Mark Thompson is Chief Exective of Channel 4. His speech at the Convention was outstanding. His principle point was that the old, Reithian language of public service means little to contemporary audiences and that a new language is now required – one that acknowledges the ‘second order’ benefits of public service ‘merit goods’. These second order benefits are the indirect ones that ripple through society, making use of network effects as they go. For an example he used Jamie’s Kitchen, whose direct public service benefits may be uncertain but which, he claims, has created a new attitude to unemployment, apprenticeship and the obligations of employers.

Ed Richards at the Oxford Media Convention

Ed Richards is The Prime Minister’s priniciple adviser on media matters. He’s a famously shadowy figure (he actually tried to dodge out of the frame as I took his picture!). His presentation was a fairly robust defense of the Government’s record on new services and particularly its attitude to applications from the BBC.

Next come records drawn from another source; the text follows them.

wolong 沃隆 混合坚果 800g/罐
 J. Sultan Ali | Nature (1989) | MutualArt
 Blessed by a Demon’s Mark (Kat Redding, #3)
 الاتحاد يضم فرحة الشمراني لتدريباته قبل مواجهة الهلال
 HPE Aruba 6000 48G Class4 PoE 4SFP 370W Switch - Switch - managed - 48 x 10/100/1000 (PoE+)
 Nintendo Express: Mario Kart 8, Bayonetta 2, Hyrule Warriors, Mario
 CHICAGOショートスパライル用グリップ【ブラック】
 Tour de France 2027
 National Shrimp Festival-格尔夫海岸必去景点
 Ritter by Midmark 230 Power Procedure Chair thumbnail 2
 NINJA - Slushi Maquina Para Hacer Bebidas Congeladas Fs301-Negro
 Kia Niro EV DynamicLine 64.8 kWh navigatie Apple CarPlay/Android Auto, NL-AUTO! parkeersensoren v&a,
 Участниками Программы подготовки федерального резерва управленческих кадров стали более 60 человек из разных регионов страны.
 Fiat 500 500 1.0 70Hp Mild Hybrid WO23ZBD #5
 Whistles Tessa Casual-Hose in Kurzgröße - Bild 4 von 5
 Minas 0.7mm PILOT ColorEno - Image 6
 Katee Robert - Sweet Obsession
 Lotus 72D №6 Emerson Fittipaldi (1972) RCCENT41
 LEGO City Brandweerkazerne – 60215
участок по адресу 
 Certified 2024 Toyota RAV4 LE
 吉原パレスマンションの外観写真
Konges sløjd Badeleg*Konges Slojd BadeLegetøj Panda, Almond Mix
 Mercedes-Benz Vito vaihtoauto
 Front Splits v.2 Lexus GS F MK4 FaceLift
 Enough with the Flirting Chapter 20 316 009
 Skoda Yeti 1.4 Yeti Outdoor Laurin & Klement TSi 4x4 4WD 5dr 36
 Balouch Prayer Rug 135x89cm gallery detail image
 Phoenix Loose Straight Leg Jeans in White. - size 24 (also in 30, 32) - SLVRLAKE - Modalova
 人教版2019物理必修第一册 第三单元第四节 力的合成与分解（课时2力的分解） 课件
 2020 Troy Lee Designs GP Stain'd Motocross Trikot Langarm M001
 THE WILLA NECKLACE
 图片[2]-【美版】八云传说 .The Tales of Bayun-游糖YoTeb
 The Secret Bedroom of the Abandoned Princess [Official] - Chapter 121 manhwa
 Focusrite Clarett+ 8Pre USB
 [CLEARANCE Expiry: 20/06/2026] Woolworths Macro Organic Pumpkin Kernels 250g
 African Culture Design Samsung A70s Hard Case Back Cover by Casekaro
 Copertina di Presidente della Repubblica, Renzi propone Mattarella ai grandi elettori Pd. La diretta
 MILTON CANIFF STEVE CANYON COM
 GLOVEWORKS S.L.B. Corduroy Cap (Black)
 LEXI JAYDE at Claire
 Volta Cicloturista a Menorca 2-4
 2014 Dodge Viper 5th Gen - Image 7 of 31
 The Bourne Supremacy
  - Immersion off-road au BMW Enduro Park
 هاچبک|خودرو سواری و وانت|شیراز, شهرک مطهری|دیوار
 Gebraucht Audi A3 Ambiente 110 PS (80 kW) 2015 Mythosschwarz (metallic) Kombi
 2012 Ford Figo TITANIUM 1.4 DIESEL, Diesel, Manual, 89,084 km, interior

Critics accuse the Government of being too soft on Dyke’s BBC and too quick to grant the corporation entry to new sectors already well catered for by the private sector.

He was one of the few speakers to actually mention the Internet (or at least ‘broadband’ which seems to be the respectable way to say ‘Internet’ these days) but when I cornered him about the exclusion of the net from Ofcom’s scope he held his hands up in the now rather tired attitude of “hey, the net’s too big and complex for regulation…”

Lord David Currie at the Oxford Media Convention

Lord Currie is the first Chair of Ofcom. He’s building his rag-tag team (rumoured to be at least 600 strong) and setting terms of reference now in readiness for the green light once the Communications Bill hits the statute books. Perhaps understandably he remained resolutely vague about the direction and tone of the super-regulator and when I asked him why he thought the net was explicitly excluded from its scope, he literally shrugged his shoulders as if to say “nothing to do with me, guv”. I hope he’s able to form an opinion by the time Ofcom is formally in operation.

Paddy Barwise at The Oxford Media Convention

Paddy Barwise heads the London Business School’s Future Media programme and is a perennial commentator on broadcast regulation issues – particularly ownership and quality. He’s usually defending quality thresholds or opposing foreign ownership. He wasn’t speaking at the event but he told me, intriguingly, that beyond the Communications Bill lurks greater peril for British public service media – in particular he?s worried about the next round of the GATT negotiations which will attack the UK Government’s right to ‘protect’ a state broadcaster and fund it via a compulsory licence fee. The worst case could result in the abolition of ownership rules, content quotas, the license fee and much that British people hold dear. I think that radical change is likely in all these areas but it’s obviously vital that we get a public debate going before it’s too late to influence the outcome.